Carlos Berkenbrock

berkenbrock0106/01/2011 – Carlos Berkenbrock é um catarinense com sobrenome de difícil pronuncia, nasceu na comunidade Toca Grande em Rio do Oeste, cidade no Alto Vale do Itajaí, na microrregião de Rio do Sul, a 276 km de Florianópolis. Nesta pequena cidade de pouco mais de 7.000 habitantes a cultura italiana prevalece entre os moradores, a família Berkenbrock não é diferente, porém um ingrediente a mais com a mistura de raças é o diferencial, o pai tem origem alemã e mãe é de origem italiana.

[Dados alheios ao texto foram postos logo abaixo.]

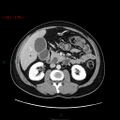 Ampullary carcinoma (Radiopaedia 56396-63056 C 44).jpg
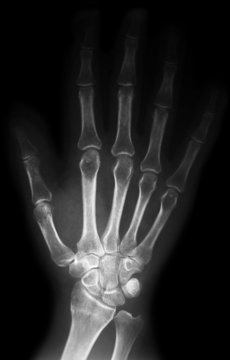 bones of the hand
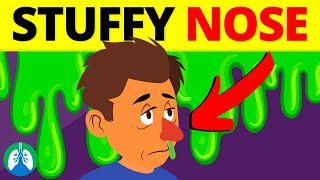 7 Ways to Clear a Stuffy Nose Nose Unblocking Techniques [upl. by Ilyk]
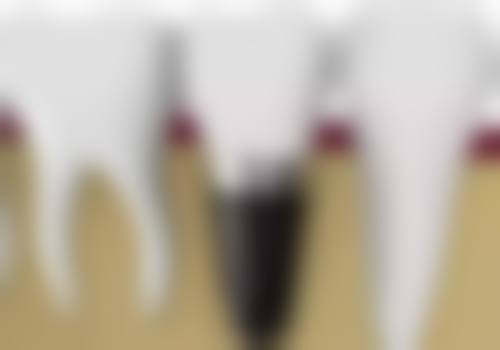 韩亚春的临床实战与真实实例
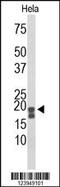 Acid Phosphatase antibody, 63-933, ProSci, Western Blot image 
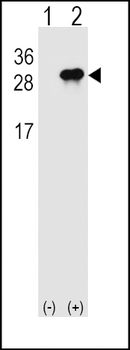 IL28B Antibody (N-term)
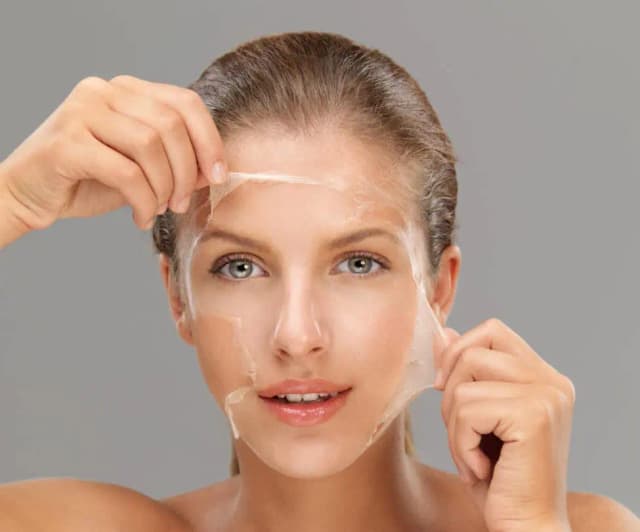 chemical-peel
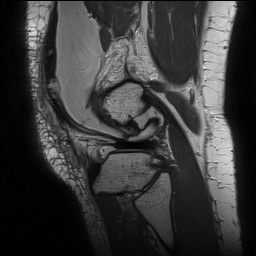Anterior cruciate ligament rupture with Segond fracture (Radiopaedia 69043-78806 Sagittal PD 152).jpg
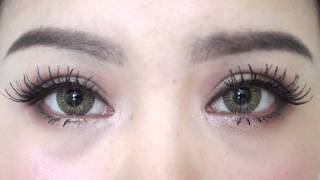 Full Incisional Double Eyelid Blepharoplasty  Epicanthoplasty 5 Months Update [upl. by Larkins]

Em 1986 o rioestense Berkenbrock foi enviado pelos pais que são muitos religiosos para estudar no seminário onde permaneceu até 1991. Roma perdeu um futuro PAPA mas a Fifa ganhou um excelente assistente.

Leia abaixo a entrevista completa do representante Fifa de Santa Catarina.

1 – Qual é o seu nome completo e a origem da sua família?

R: CARLOS BERKENBROCK, minha família é de origem alemã por parte de pai e italiana por parte de mãe, meus avos paternos nasceram em Vargem dos Cedros município de Tubarão e meu avos maternos em Rodeio, já meus pais em Rio do Oeste – SC.

2 – Em que ano e onde nasceu?

R: Nasci em 1972 na cidade de Rio do Oeste – SC, numa comunidade chamada Toca Grande, comunidade agrícola onde meus pais moram ate hoje.

3 – Qual é sua profissão fora do futebol?

R: Sou advogado, especialista em direito Previdenciário.
4 – É casado? Qual o nome de sua esposa?
R: Sou casado com Fabiana Irene Semeoni.

5 – Tem filhos? quais os nomes e idades deles?

R: Tenho dois filhos: Carlos Augusto Semeoni Berkenbrock com 07 anos (21/09/2003) e Arthur Henrique Semeoni Berkenbrock, 04 anos (Hoje). (31/12/2006).

6 – Fale de seus pais.

R: Meus pais são agricultores, hoje aposentados, moram numa pequena comunidade do município de Rio do Oeste, muitos simples e religiosos, não tive a oportunidade de conviver mais do que a minha adolescência com eles, pois com 14 anos sai de casa para estudar ingressando no seminário e de lá com 19 anos sai já para morar e fazer faculdade em Rio do Sul.

7 – Ingressou no seminário com a intenção de ser padre?

R: Na época sim, tinha a intenção de ser padre, fiquei no seminário dos 14/15 aos 19/20 anos. Com o passar do tempo percebi que minha vocação não era tão forte assim e acabei desistindo da idéia.

8 – Como conciliar arbitragem, trabalho e família?

R: Hoje é um pouco complicado para eu conciliar tudo, família, trabalho e a arbitragem, porém estou conseguindo. Graças a Deus tenho uma esposa que me compreende e me apóia, me da o suporte com os filhos, cuida da casa com muito amor e carinho. No escritório também tive a sorte de ter sócios competentes e compreensivos, e com a ajuda dos funcionários os processos estão sendo bem conduzidos. No ano de 2010 foram 50 partidas em todas as competições profissionais que participei, então fica um pouco complicado para conciliar tudo.

9 – Jogou futebol profissional ou amador?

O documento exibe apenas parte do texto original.